Job Description
YOUR ROLE AS A:
Key Responsibilities:
Plan, develop, and execute risk-based IT audit plans.
Lead audits of IT infrastructure, cybersecurity, cloud environments (e.g., GCP, Azure, SaaS), data privacy, application controls, IT networking, ERP systems, digital transformation, third-party technology services, and system development life cycle.
Evaluate the effectiveness of internal controls over systems, IT networks, cyber security, databases, and digital processes.
Ensure compliance with internal policies, industry standards (e.g., ISO 27001, PCI-DSS, NIST, COBIT), and regulatory frameworks (e.g., PDPA, Cyber Security Act 2024).
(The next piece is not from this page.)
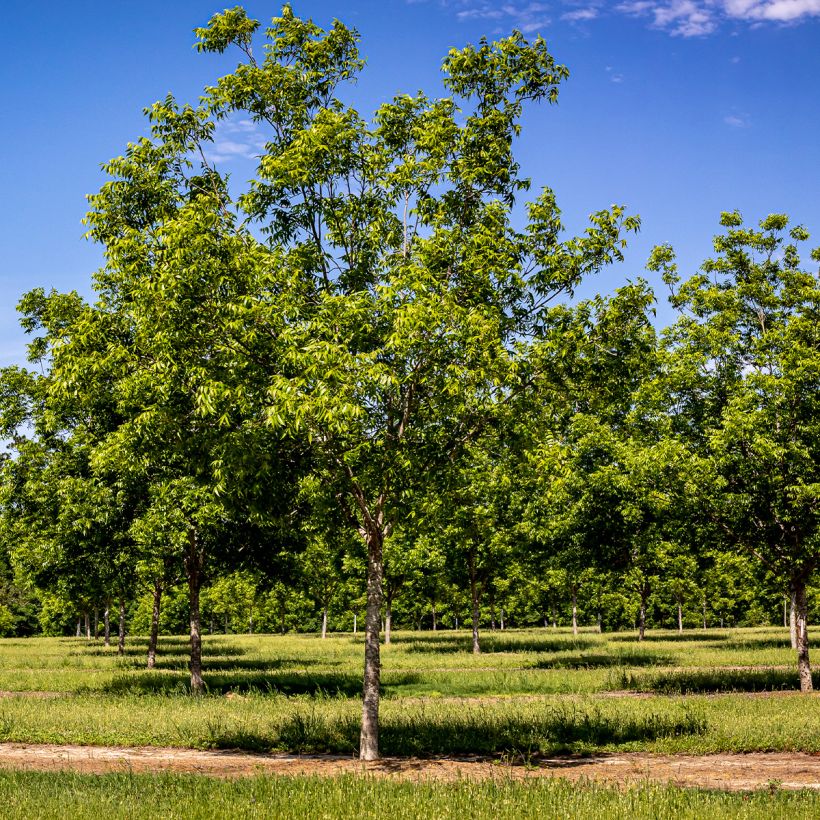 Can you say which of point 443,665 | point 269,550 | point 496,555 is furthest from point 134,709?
point 496,555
Identify weaknesses or risks and provide recommendations to improve governance, risk management, and control processes.
Prepare and present clear, concise audit reports to management.
Track audit findings and follow up to ensure corrective actions are implemented.
Collaborate with external auditors and regulatory bodies when necessary.
Monitor emerging IT risks and regulatory developments to update audit programs accordingly.
Develop and maintain effective relationships with key stakeholders across business units, IT, InfoSec, Operations, and executive management to ensure alignment of audit objectives, facilitate open communication, and drive the timely resolution of audit issues.
Engage stakeholders throughout the audit lifecycle-planning, execution, reporting, and follow-up-to understand business priorities, address concerns, and provide value-added insights.
Represent the IT audit function in cross-functional meetings, steering committees, and project reviews to ensure stakeholder perspectives are considered and audit requirements are integrated.
Qualifications:
Bachelor's degree in Information Systems, Computer Science, Accounting, or related field.
Professional certifications preferred: CISA/ CISSP/ CISM/ CRISC
Minimum 4 years of IT audit/ IT risk management/ Information security experience
Strong knowledge of IT systems, cybersecurity frameworks, and internal control standards.
Experience with tools such as audit management software, data analytics platforms, and GRC systems.
Excellent written and verbal communication skills.
Strong analytical, problem-solving, and project management abilities.
Demonstrated experience in stakeholder engagement, including facilitating meetings, managing expectations, and communicating complex audit findings to both technical and non-technical audiences.
GET TO KNOW AirAsia Next:
AirAsia Next manages intellectual property developed for the group focusing on the creation, management, licensing and enforcement of the AirAsia brand. Covering a range from trademarks to brand identity, content and merchandise.
We are all different - one talent to another - that is how we rely on our differences. At AirAsia, you will be treated fairly and given all chances to be your best.We are committed to creating a diverse work environment and are proud to be an equal opportunity employer.
Search Firm Representatives - AirAsia does not accept unsolicited assistance from search firms for employment opportunities. All CVs / resumes submitted by search firms to any employee at our company without a valid written search agreement in place will be deemed the sole property of our company. No fee will be paid in the event a candidate is hired by our company as a result of an agency referral where no pre-existing agreement is in place.